Dr. Ben Carson argued Thursday that the al-Qaeda terrorists that killed thousands in 2001 -- downing four planes, destroying the World Trade Center towers and damaging the Pentagon -- were "unsophisticated" compared to the Islamic State, or ISIS.
"Being responsible for the Sept. 11th attacks, what happened right there, really didn't require a great deal of sophistication because we were not paying attention."'
“Being responsible for the Sept. 11th attacks, what happened right there, really didn't require a great deal of sophistication because we were not paying attention,” Carson told reporters on Thursday in Alabama, seeming to cite intelligence failures that failed to prevent the attacks. “We were not coordinating our efforts, so you didn't have to be all that great, you had to be able to fly some planes, and get a couple of people in here. That's going to be a lot more difficult to do now. You're going to have to be a lot more sophisticated than that now.”
Carson said on Thursday that ISIS is “absolutely” more of a threat to America than al-Qaeda was in 2001. He’s previously said that ISIS is an “existential” threat in a way that al Qaeda wasn't, though both Islamic extremist groups share a core mission to wage jihad against Western societies.

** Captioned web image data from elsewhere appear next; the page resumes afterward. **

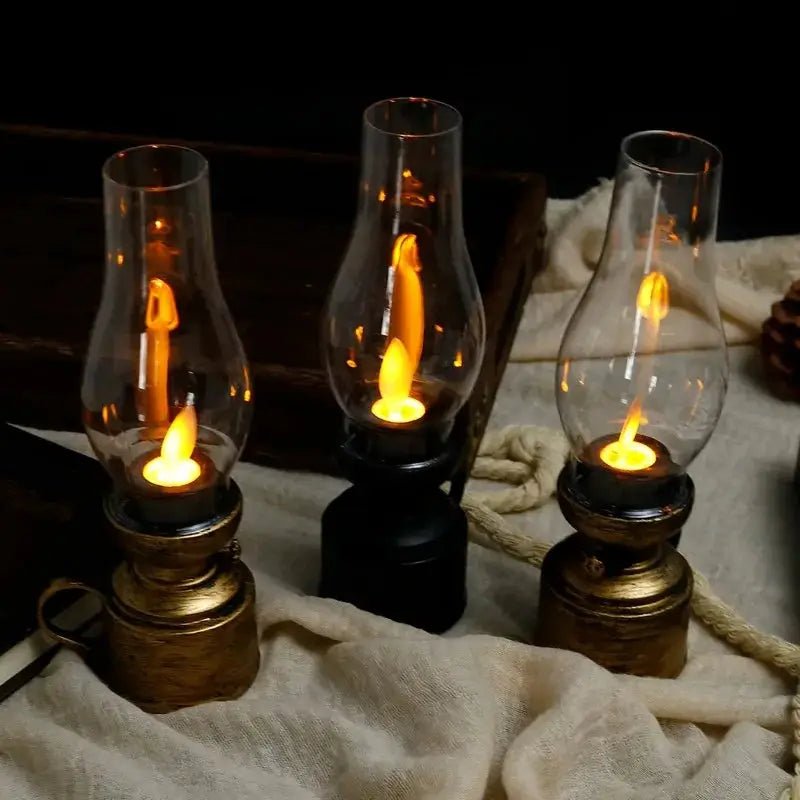 Vintage Retro LED Oil Lamp Lantern Battery Operated Decorative Light for Home Bedroom Living Room Christmas Decor Gifts - Simples Market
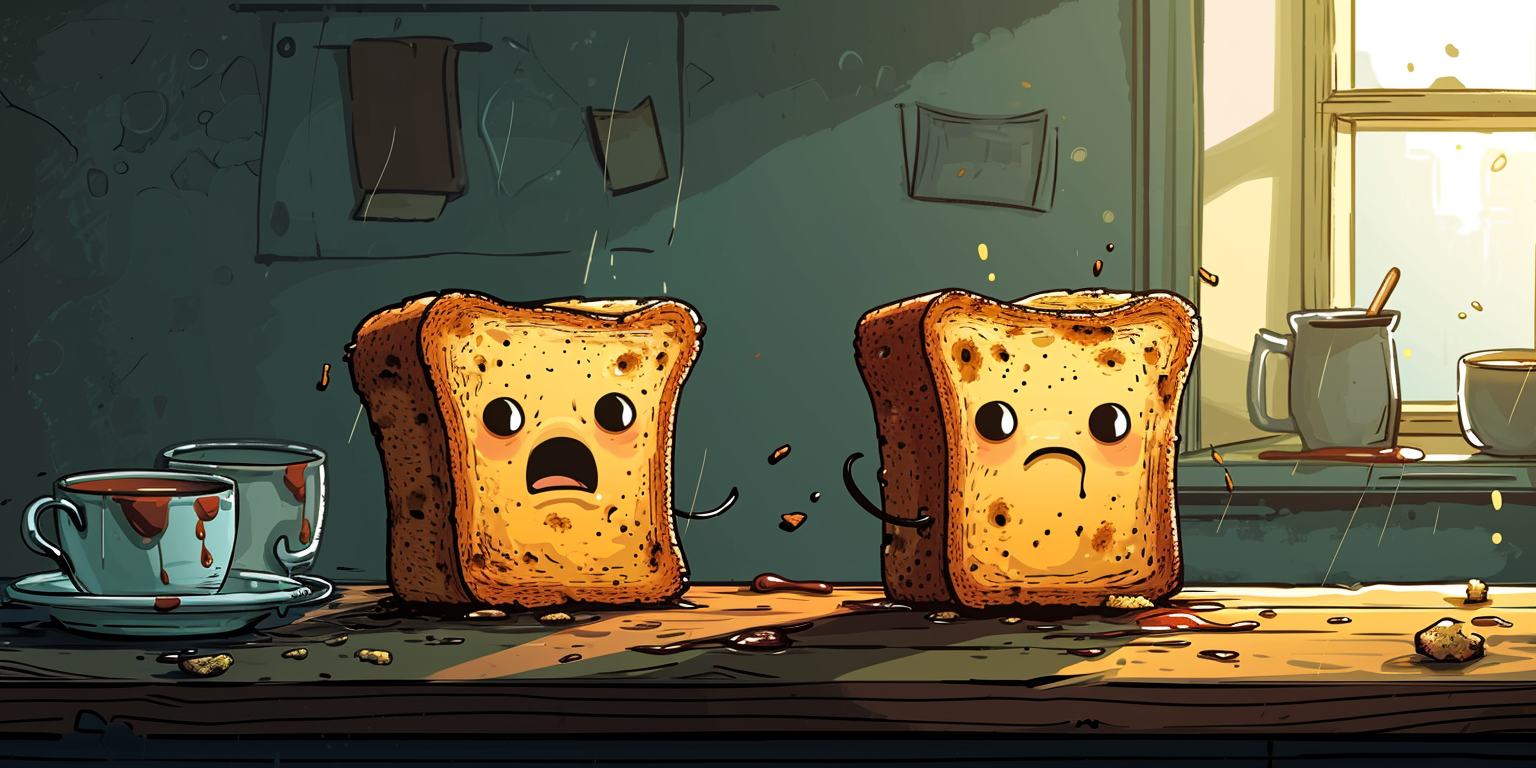 Cartoon toast character in funny adventure style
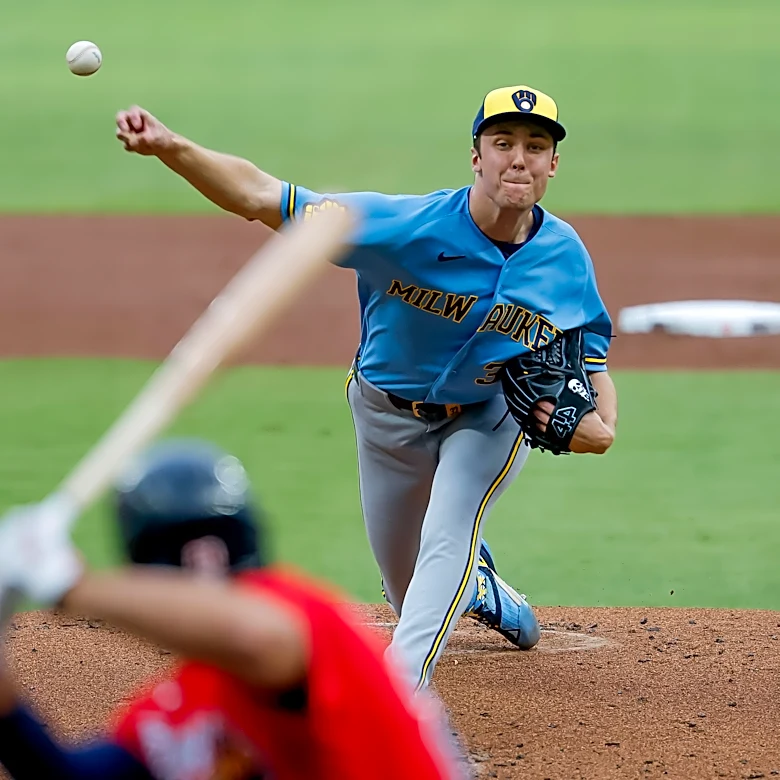 Brewers' Jacob Misiorowski hits 104.2 mph, gives up 2 runs against Braves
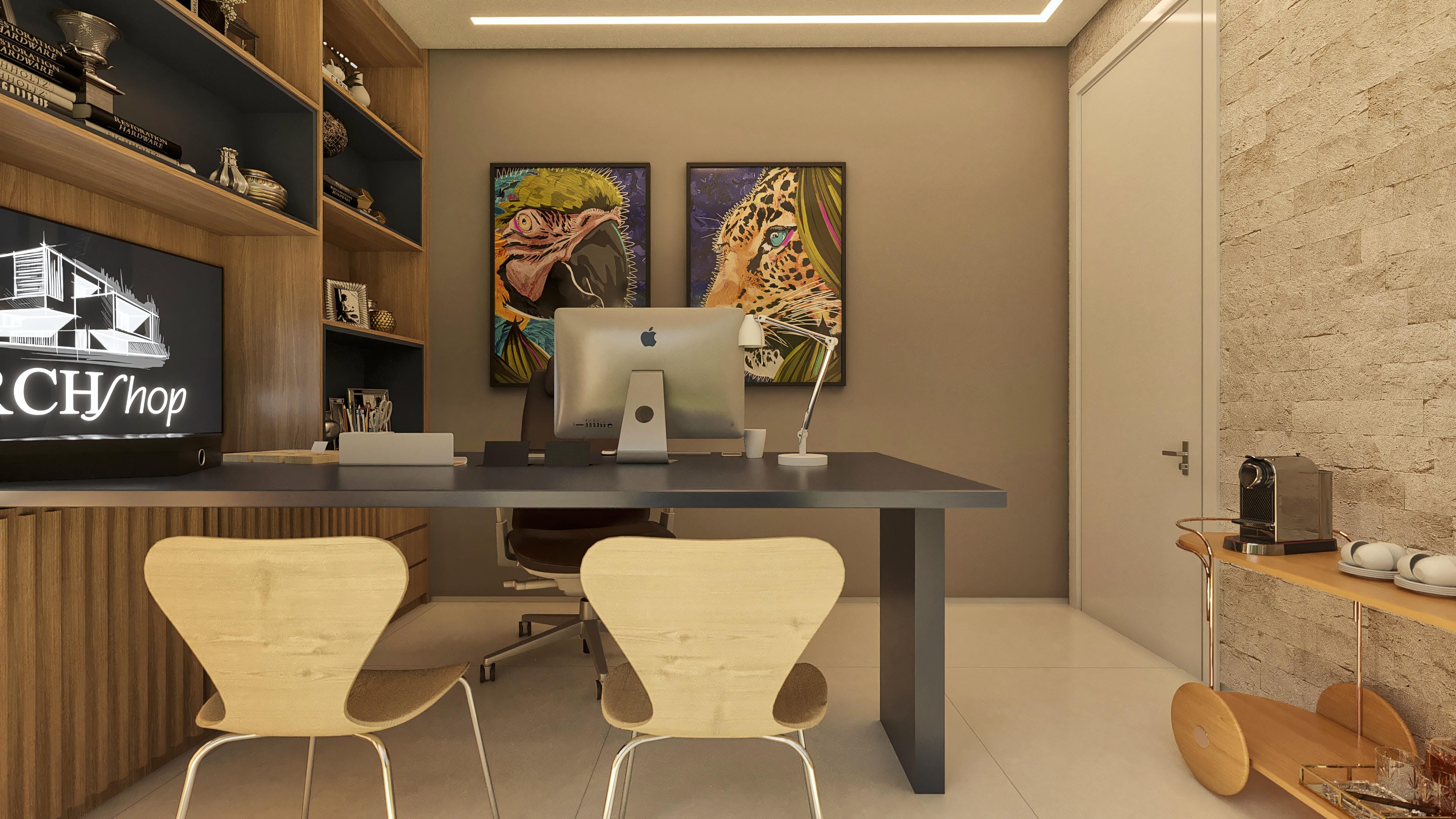 Escritório com móveis modernos em madeira clara, bancada ampla, poltrona executiva, cadeiras com design arrojado e obras de arte vibrantes nas paredes.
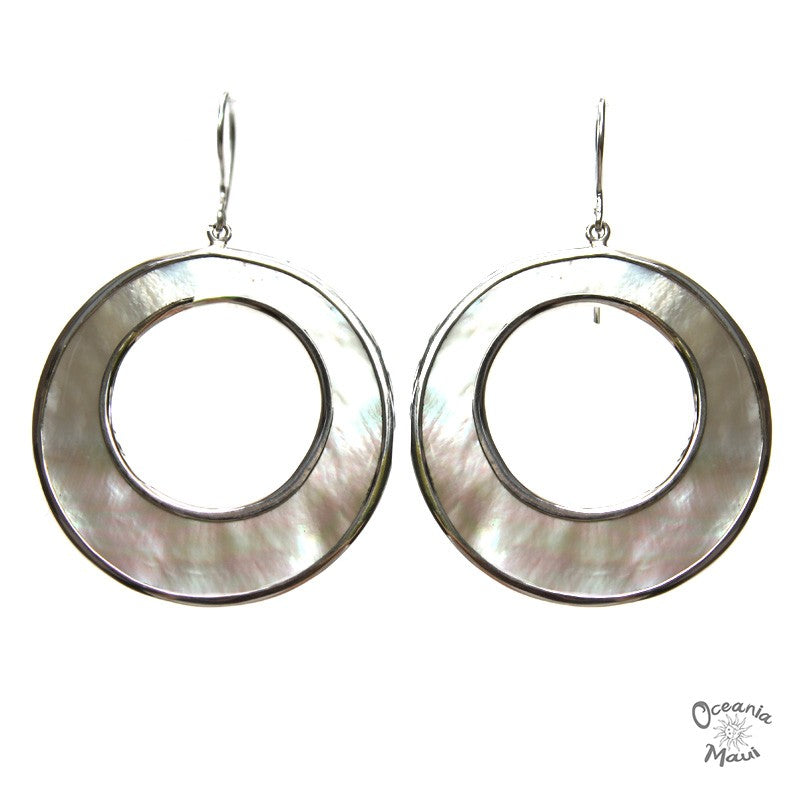 Large White Mother of Pearl Hoop Earrings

Carson's comments dismissing al Qaeda are the latest in a series of controversial foreign policy stances taken by the GOP candidate as he zeroes in on national security issues following the deadly terrorist attacks in Paris last week. Carson has struggled to talk about foreign policy during the Republican primary, making erroneous assertions about which countries are in NATO or militarily involved in Syria. Since the Paris attacks, which ISIS has taken credit for, Carson has fumbled several high-profile interviews and his poll numbers have dipped amid the renewed focus on terrorism. His campaign has responded to the resulting criticism by saying that Carson gets daily mid-morning national security briefings and that he's getting better as the campaign progresses.
In the same speech Thursday, Carson also compared the millions of refugees fleeing Syria's bloody civil war to rabid dogs.
“We must balance safety against just being a humanitarian,” Carson said. “For instance, you know, if there's a rabid dog running around your neighborhood, you’re probably not gonna assume something good about that dog. And you’re probably gonna put your children out of the way. Doesn’t mean that you hate all dogs, by any stretch of the imagination.”
"But you’re putting your intellect into motion and you’re thinking how do I protect my children?" he added. "At the same, I love dogs and I’m gonna call the humane society and hopefully they can come take this dog away and create a safe environment once again."
"You know, if there's a rabid dog running around your neighborhood, you’re probably not gonna assume something good about that dog."'
“By the same token, we have to have in place screening mechanisms that allow us to determine who the mad dogs are quite frankly," Carson continued. "Who are the people that want to come in here and hurt us and want to destroy us. Until we know how to do that, just like it would be foolish to put your child out in the neighborhood knowing that that was going on, it is foolish for us to accept people if we cannot have the appropriate type of screening."
There are existing authorities and processes for screening refugees, White House officials say.
“There is a stringent process in place to look at all of these factors and to interview these individuals and to make sure – and it’s part of the reason why it takes so darn long,” State Department spokesman Mark Toner told reporters Tuesday, noting that the entire process takes 18-24 months. “It’s an interagency, multi-agency, layered interview process for these guys to – for these individuals to get clearance.”